Rocket Pool Beta noob guide for Contabo (or any other) VPS - PART 1
First, I suck at writing articles.. Second, sorry for my english, I’m not a native speaker. Third, this article is for TOTAL NOOBS who want to participate in Rocket Pool Beta node operation, have Windows, never saw linux before.. And good thing should be supported :). On Discord channel I saw many people asking about running RP node in Amazon AWS, which in my opinion sucks (as this whole Amazon thing..). That mofo Bezo$ is rich enough and that thing is usury. Really, contabo[.]com which we use as example hosting, will give you similar config for year as AWS charges for one month. You can seek VPS provider on your own, http://www.usethefuckinggoogle.com/ ..
[!] Note: I’ll try to write this for someone who never saw linux with my mind dump added.. Also, you can use this as code copy-paste manual, but sometimes there will be a note I’ll try to highlight. Images sometimes differ from code examples; code examples should be right, images are illustrative.

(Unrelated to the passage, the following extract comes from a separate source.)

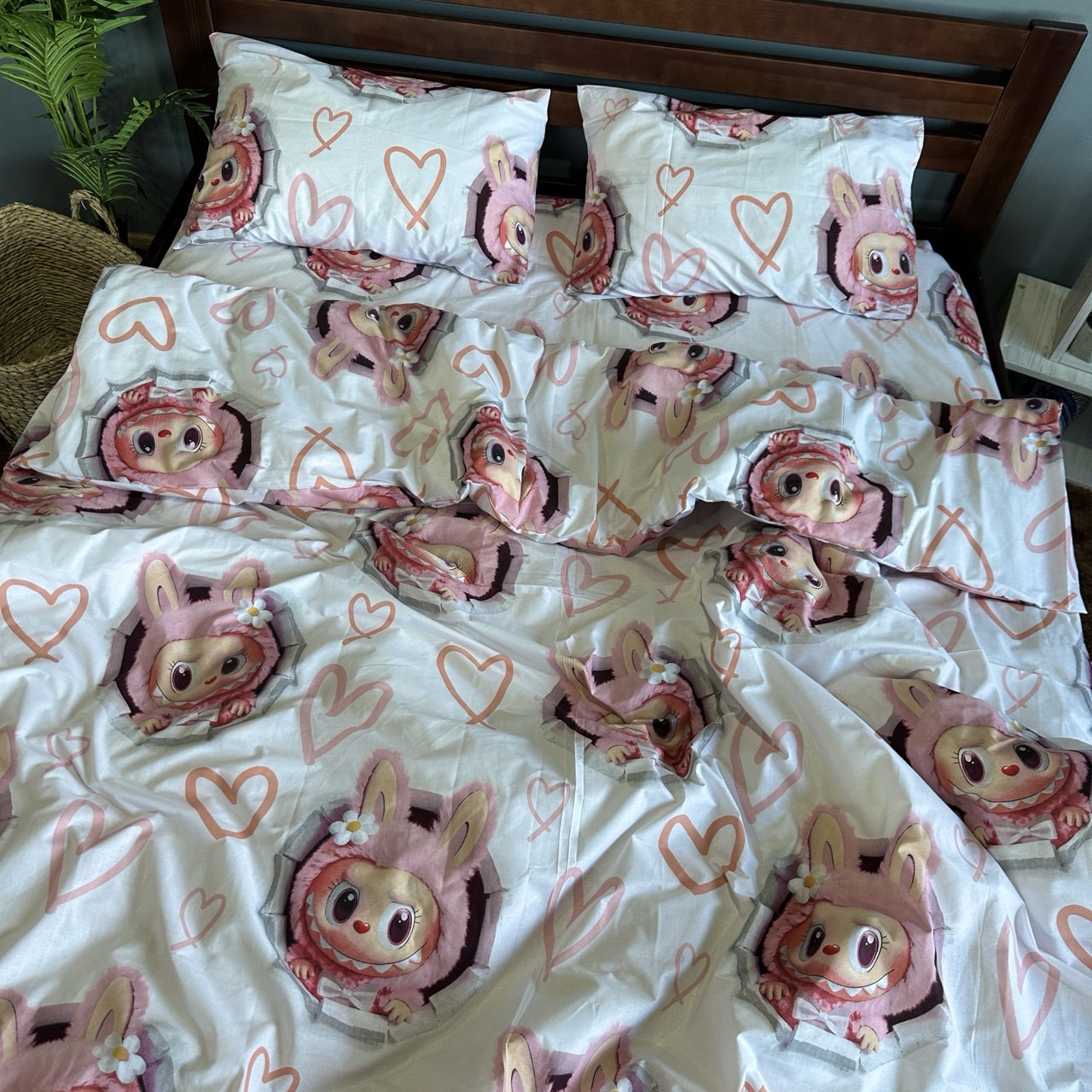 Постільна білизна Лабубу пудрова бязь 100% бавовна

[!] Less important note: this tutorial is OK for Rocket Pool Beta, running on testnets. VPS configuration will not be enough for “real” node in future, you’d have to order more expensive.
So first, get yourself to contabo[.]com and order a VPS; Let’s order VPS S SSD, which has 4core setup with 8G RAM, 200G only SSD storage, 200mbps uplink and public IP.
Here we can see some features and select Debian 10 (as MY favourite distro)..
Skip everything, just decide if you’re closer to Germany or US.. It may seem it doesn’t matter, but ping accross whole world takes ~200ms to come back, you can feel that one..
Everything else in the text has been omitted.